> _PROVIDED MATERIAL_:
══════════

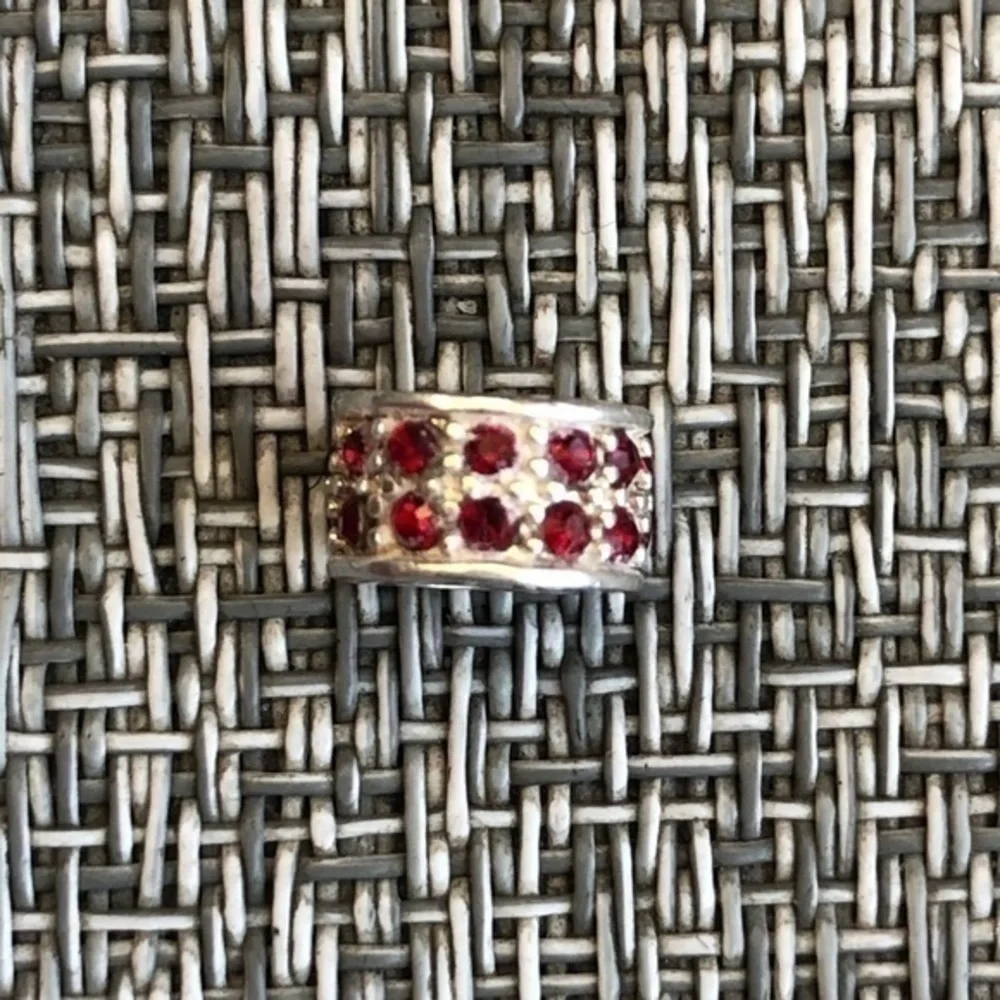 Silver 925 stamped charm for Pandora bracelet with red and white crystals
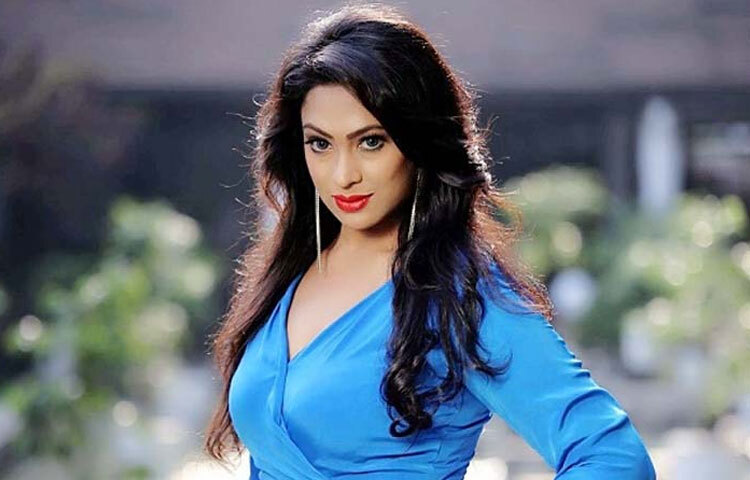 পপি শুধু গ্ল্যামারের জন্যই পরিচিত নন। বরং চরিত্রের গভীরে ঢুকে অভিনয় করার জন্যই তিনি অনন্য। গঙ্গাযাত্রা, মেঘের কোলে রোদ, কারাগার, শত্রু ঘায়েল কিংবা লাল দরিয়া-প্রতিটি ছবিতেই তিনি নিজেকে ভেঙেছেন, নতুনভাবে হাজির করেছেন। বাংলা চলচ্চিত্রে যে অল্প কিছু অভিনেত্রী সময়ের পরীক্ষায় টিকে গেছেন, পপি তাদের একজন।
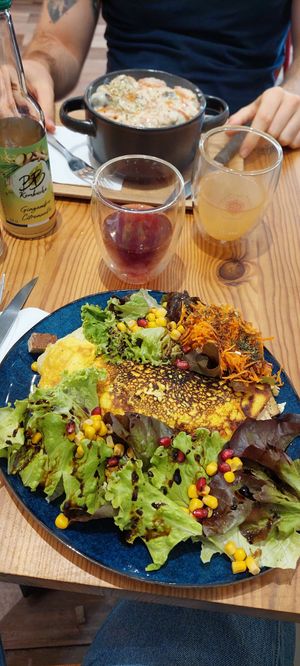 Omelette and Blanquette at La Dame au Cerf in Nice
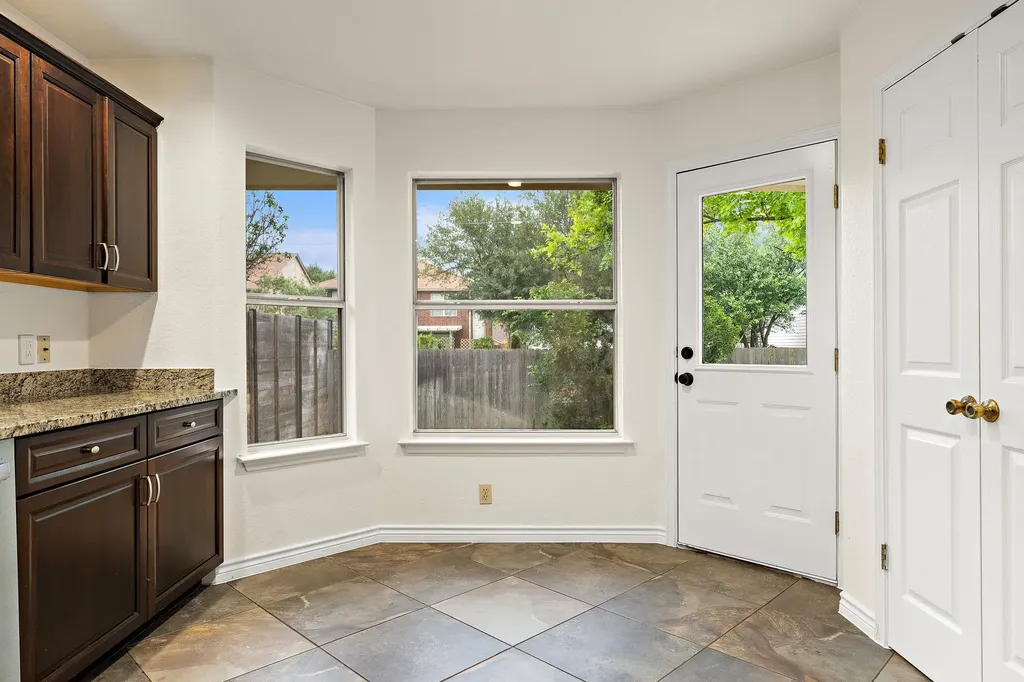 2422 Agarita Trail Round Rock TX 78665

══════════

> _PROBLEM DETAILS_: Print the data exactly as written, dropping any images it holds.

> _SOLVED PROBLEM_:
 Silver 925 stamped charm for Pandora bracelet with red and white crystals
 পপি শুধু গ্ল্যামারের জন্যই পরিচিত নন। বরং চরিত্রের গভীরে ঢুকে অভিনয় করার জন্যই তিনি অনন্য। গঙ্গাযাত্রা, মেঘের কোলে রোদ, কারাগার, শত্রু ঘায়েল কিংবা লাল দরিয়া-প্রতিটি ছবিতেই তিনি নিজেকে ভেঙেছেন, নতুনভাবে হাজির করেছেন। বাংলা চলচ্চিত্রে যে অল্প কিছু অভিনেত্রী সময়ের পরীক্ষায় টিকে গেছেন, পপি তাদের একজন।
 Omelette and Blanquette at La Dame au Cerf in Nice
 2422 Agarita Trail Round Rock TX 78665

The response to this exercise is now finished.